» **Data for this task**
= Beginning of Section =
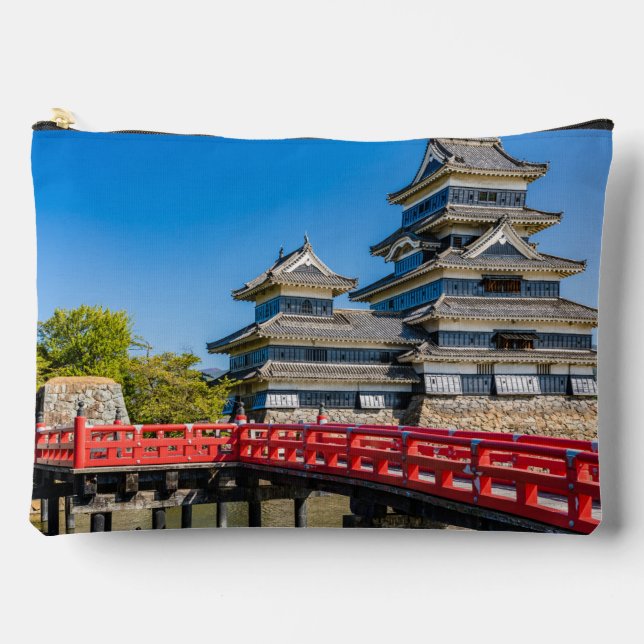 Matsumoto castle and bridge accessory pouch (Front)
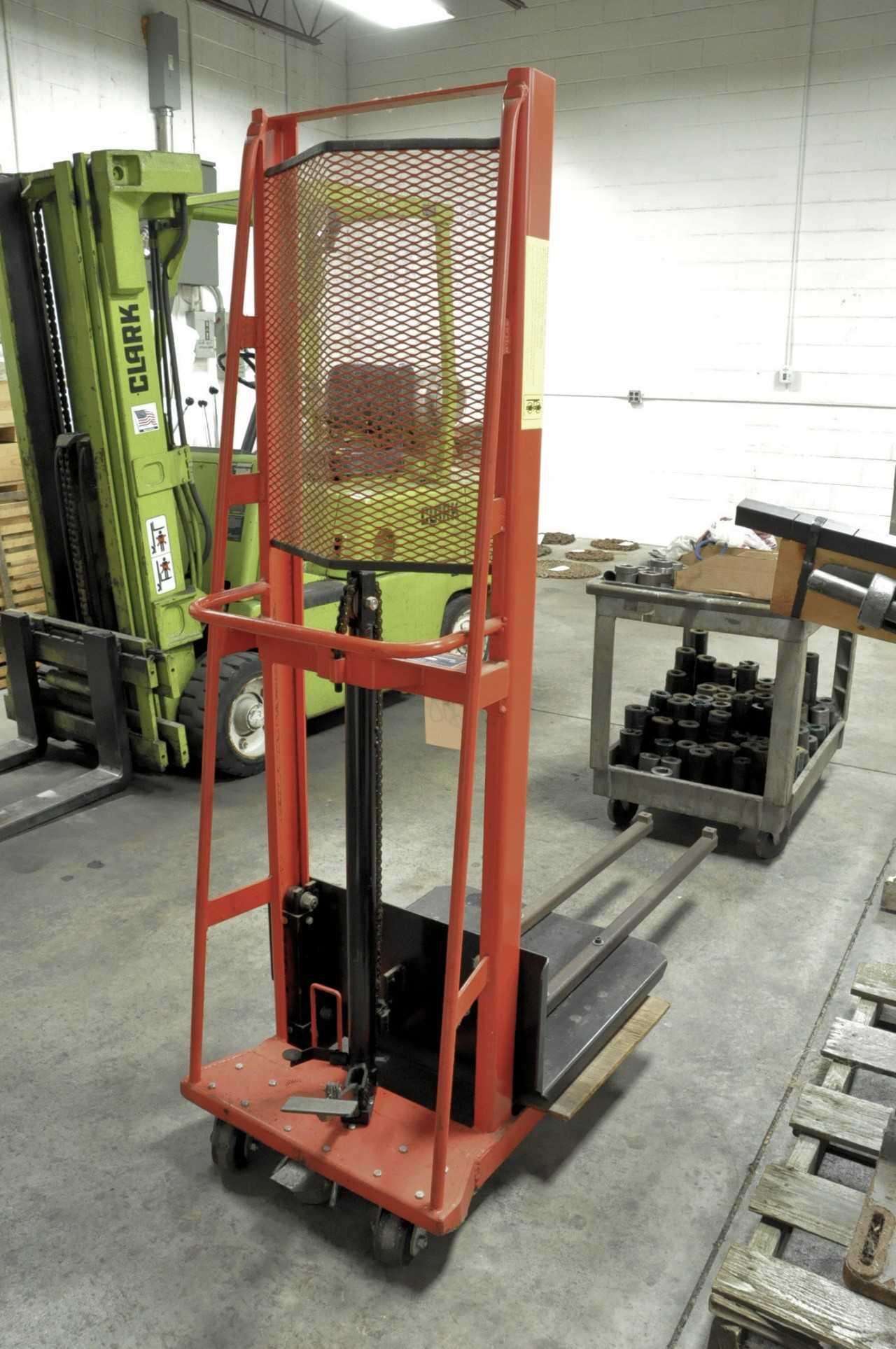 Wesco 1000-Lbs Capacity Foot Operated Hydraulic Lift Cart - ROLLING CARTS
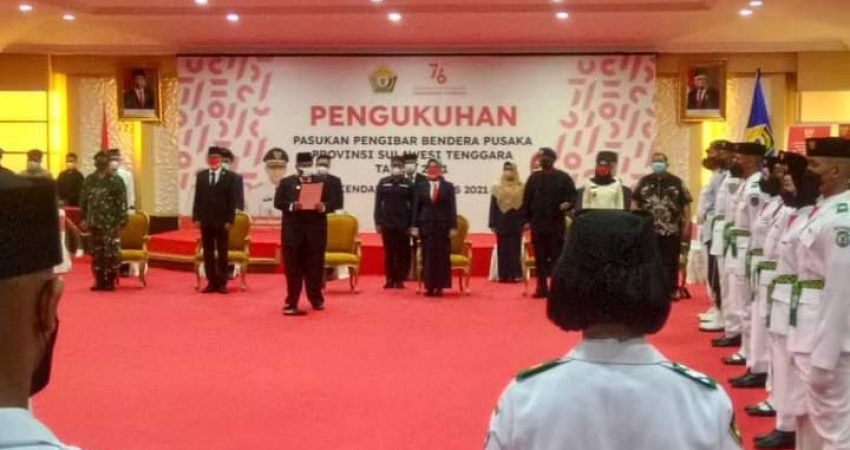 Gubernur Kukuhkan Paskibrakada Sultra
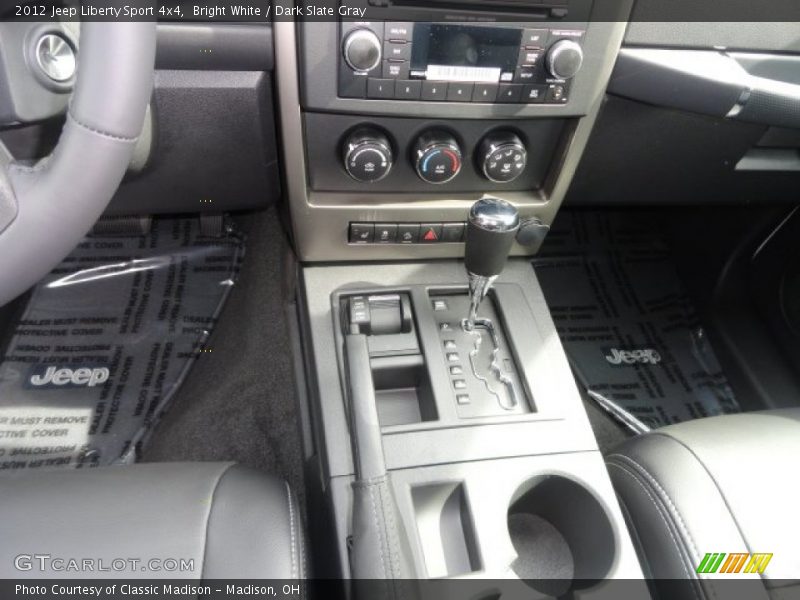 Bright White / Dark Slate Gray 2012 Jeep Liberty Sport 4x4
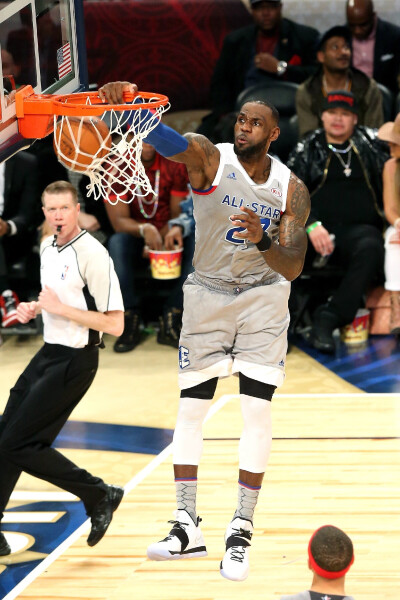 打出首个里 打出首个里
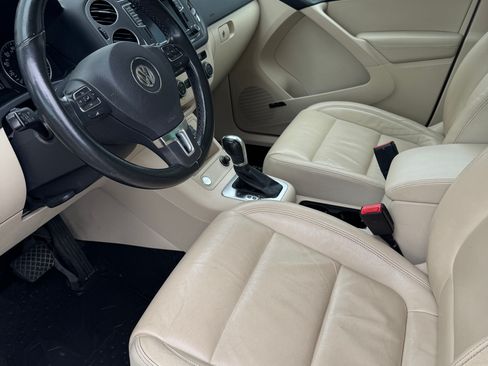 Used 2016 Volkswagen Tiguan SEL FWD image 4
= End of Section =
» **What is needed**
Final task for the records above: print exactly the lines from the one that contains "Wesco 1000-Lbs Capacity" through the last line, both ends included, pictures excluded.

» **Reply**
 Wesco 1000-Lbs Capacity Foot Operated Hydraulic Lift Cart - ROLLING CARTS
 Gubernur Kukuhkan Paskibrakada Sultra
 Bright White / Dark Slate Gray 2012 Jeep Liberty Sport 4x4
 打出首个里 打出首个里
 Used 2016 Volkswagen Tiguan SEL FWD image 4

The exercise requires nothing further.